Imagine going to a hospital while in labor, only to be told you are lying and then to be sent outside in the street, or being pinched, slapped and rough-handled by medical staff while in labor – in South Africa these awful incidents, and many others are an everyday reality, according to a new report issued by Human Rights Watch.

The 66-page report, titled “‘Stop Making Excuses’: Accountability for Maternal Health Care in South Africa,” revealed that while maternal mortality rates throughout Africa are falling, in South Africa they rose from 150 deaths per 100,000 births in 1998 to 625 in 2007.

The authors wrote that South Africa’s goal of reducing its high maternal death rate by 75% between 1998 and 2015 will not occur if the current lack of oversight and accountability for recurrent problems in the health system and abuses carried out by medical staff are allowed to continue.

The report lists some shocking failures in maternity care that include abuse of pregnant mothers by health staff and very low standards of care in Eastern Cape Province, where women and their babies have a high risk of injury and death.

Several areas of the country experience similar problems to Eastern Cape Province, including negative attitudes by staff, inefficient management and financial administration, no accountability for system failures, and poor quality care. Agnes Odhiambo, Africa women’s rights researcher at Human Rights Watch, said:

“The government admits that it has a big problem on its hands and wants to do better. But for all South Africa’s good intentions, policies and strategies on paper won’t save women’s lives without strong accountability systems to make sure policies are carried out.”

According to the United Nations, approximately 4,500 women die annually in South Africa due to treatable and preventable pregnancy and childbirth related causes. South Africa should and can reverse this trend, the authors wrote.

The report is the result of extensive field research carried out between August 2010 and April 2011 with pregnant women, their families, health experts, human rights experts, health workers, caregivers, public officials, and various international agencies.

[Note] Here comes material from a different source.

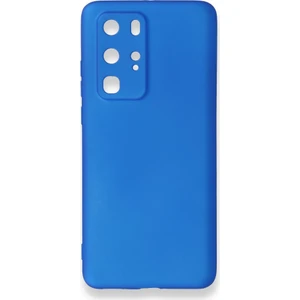 Huawei P40 Pro Kılıf Yumuşak Dokulu Silikon Mavi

The report gives a typical example – an HIV-positive woman delivered her baby at home and nearly died from complications. The woman had said:

“My uncle advised me to call the ambulance when labor started but I did not want to go to the hospital. I was scared of how I would be treated. I hear the nurses are very rude and they are too rough. After giving birth I developed serious problems. I was bleeding too much and I couldn’t breathe properly. Luckily the HIV treatment center took me to hospital, and eventually I got treated.”

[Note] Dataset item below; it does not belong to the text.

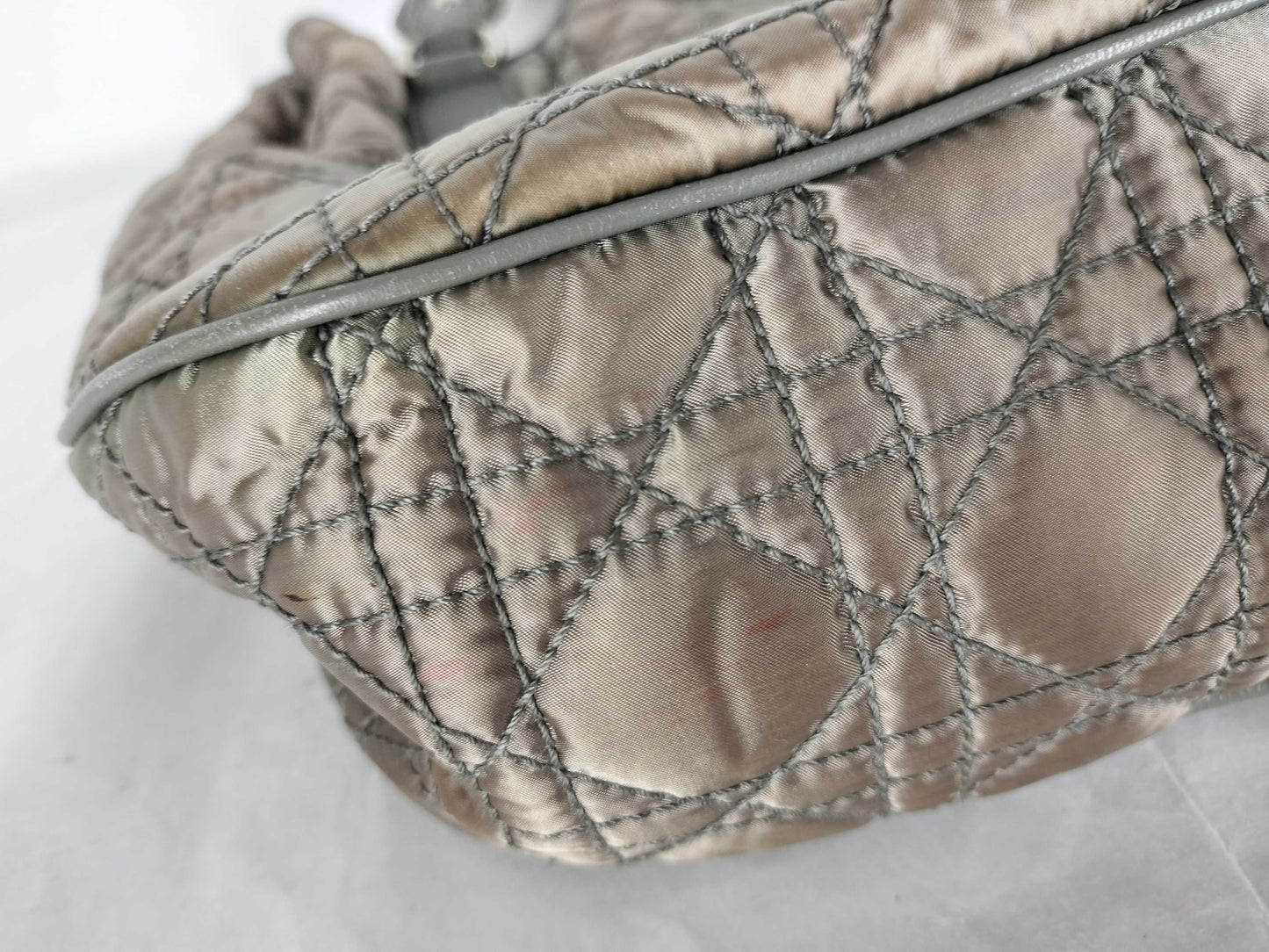 Dior Cannage Nylon Handbag/Shoulder Bag with Charm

Human Rights Watch personnel interviewed a large number of women, below are some of the highlighted details from those interviews:

  • Women experience verbal and physical abuse. HIV-positive women are commonly taunted by nurses about enjoying sex and blaming them for getting pregnant if they knew about their HIV-status. Many were told they should receive no care because they were migrants. Being shouted at for “messing up” when they bled on the bed during labor, they were ordered to clean it up.
  • They were pinched, slapped, and handled roughly during labor.
  • Nurses continuously ignored calls for help.
  • Serious treatment delays.
  • Facilities denied referral letters for pregnancy or childbirth related problems.
  • After delivery, the mother and baby are left unattended for very long periods.
  • Women are discharged inappropriately.
  • Women sent home with no antibiotics or pain medication.
  • Women in labor women were refused admission, they were not even examined.
  • Women sent home after Cesarean section with no medications, painkillers, antibiotics, etc.
  • One witness described a woman who had life-threatening obstructed labor. She was refused entry into a community health center two times. Fortunately, she eventually had a C-section when another hospital accepted her.
  • Migrants commonly undergo C-sections without informed consent.
  • Staff asking for bribes and gifts.
  • Families never told why the pregnant mother or newborn died during childbirth.

Odhiambo said:

“These abusive practices are a particular concern in South Africa, where almost 87% of deliveries are in health facilities.”

Not only does ill-treatment cause unnecessary suffering and poor maternal health outcomes, it also puts women off using health services, which in turn worsens maternal mortality.

Human Rights Watch urges the South African government and its local health authorities to do more to strengthen its health system.

Complaints procedures in many parts of the country do not function properly, the authors added. There is very poor oversight or accountability for abusive staff and system failures.

Maternity patients appear to know little about their rights or how to lodge complaints – something they hesitate to do anyway, for fear of retaliation. Others said there was no point in complaining because they would fall on deaf ears.

Health centers commonly do not respond to complaints anyway, the authors found. Some medical staff complain that their conditions are so difficult that dealing with complaints is impossible.

Odhiambo said:

“The point of the complaint system is to show that South Africa cares enough about women’s lives to fix the problems. When accountability and oversight mechanisms don’t function, South Africa is ignoring the insights of the people who know best what’s wrong with maternal health care: the maternity patients themselves.”